The study focuses on the impact of the cryptocurrency ban on the Nigerian economy. Other specific goals include:

  1. Examine the economic impact of cryptocurrencies in Nigeria.
  2. Determine the effects of the cryptocurrency ban on the Nigerian people.
  3. Determine the impact of this draconian punishment on the Nigerian economy.

RESEARCH QUESTION

  1. What is the economic impact of cryptocurrencies in Nigeria?
  2. What impact would the prohibition on cryptocurrency transactions in Nigeria have on the country’s economy?
  3. What are the ramifications for the Nigerian people as a result of the cryptocurrency ban?
  4. What is the impact of the prohibition on cryptocurrency transactions on the Nigerian economy?

SIGNIFICANCE OF THE STUDY

The outcomes of this study will be extremely useful to the CBN and the Nigerian government as a whole in determining whether or not to take serious action against cryptocurrency transactions. This research can also be used as a source of information regarding cryptocurrencies and their economic benefits. This study, on the other hand, will act as a resource for anyone planning or conducting a cryptocurrency study.

SCOPE OF THE STUDY

The impact of the CBN’s cryptocurrency ban on the Nigerian economy is examined using four commercial banks in Abuja as a case study.

DEFINITION OF TERMS

Cryptocurrency is a digital currency that may be used to buy goods and services, but it is secured by an online ledger and powerful cryptography.

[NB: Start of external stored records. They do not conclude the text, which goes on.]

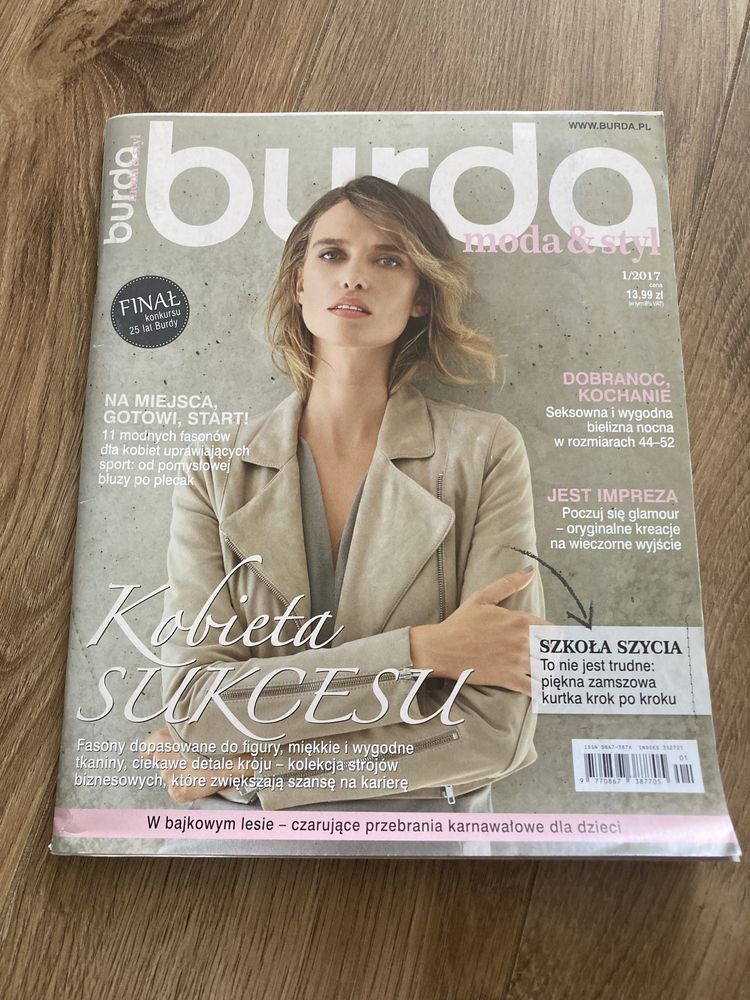 Burda 1/2017 czasopismo nowe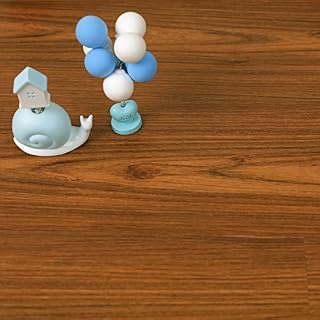 Self Adhesive Floor Plank Self Adhesive Floor Tile Peel and Stick Vinyl Flooring Wood Planks for Kitchen Bathroom Bedroom Home Office PVC Waterproof Brown 90X15cm 10PCS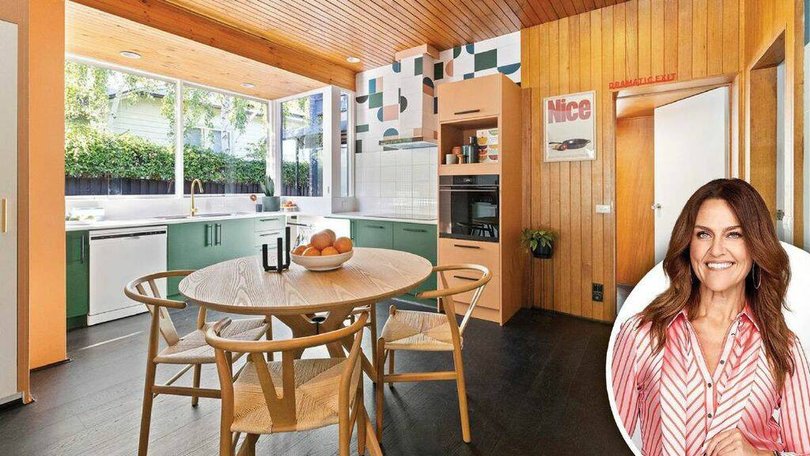 Radio host Chrissie Swan sold her mid-centry-style property in Melbourne's Hawthorn East./Facebook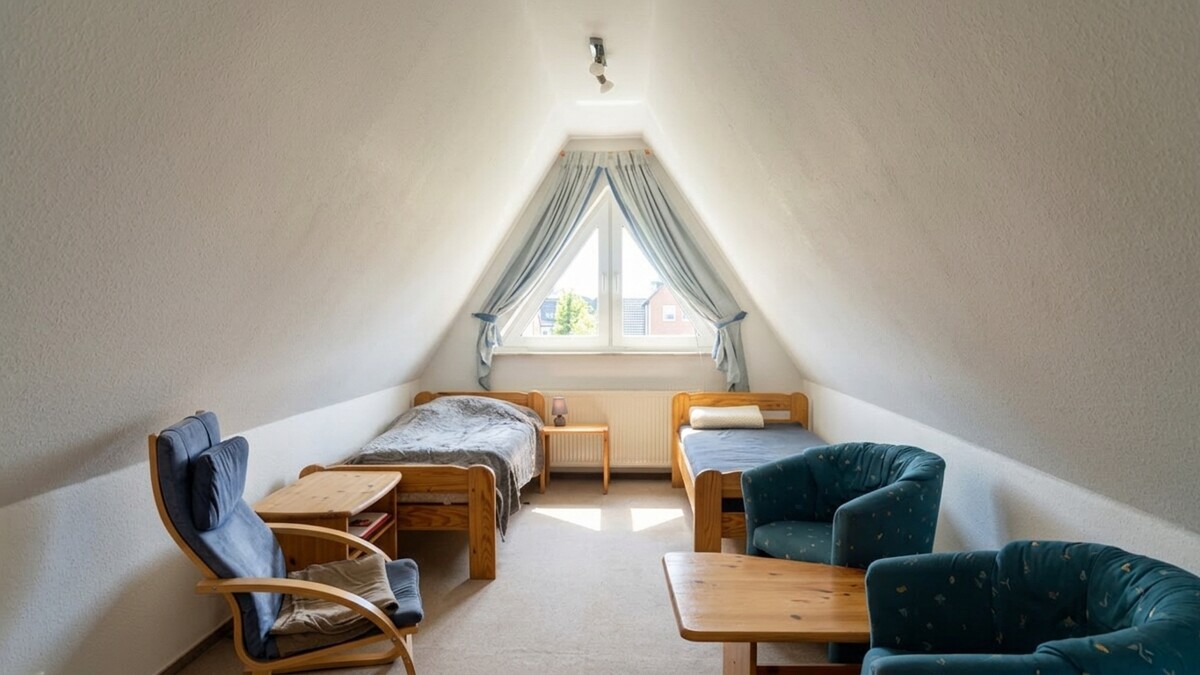 Gemütliches Dachzimmer Gemütliches Dachzimmer - Objekt 9820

The economy encompasses the production, distribution, and trading of products and services, as well as the consumption of goods and services by various agents. It’s defined as a “social domain that emphasizes the activities, discourses, and material expressions linked with the creation, use, and management of resources” in general.

The Central Bank of Nigeria (CBN) is Nigeria’s central bank and top monetary authority. It was founded in 1958 by the CBN Act and began operations on July 1, 1959.

Government: the exercise of political direction and control over the conduct of members, residents, or inhabitants of communities, societies, or other entities.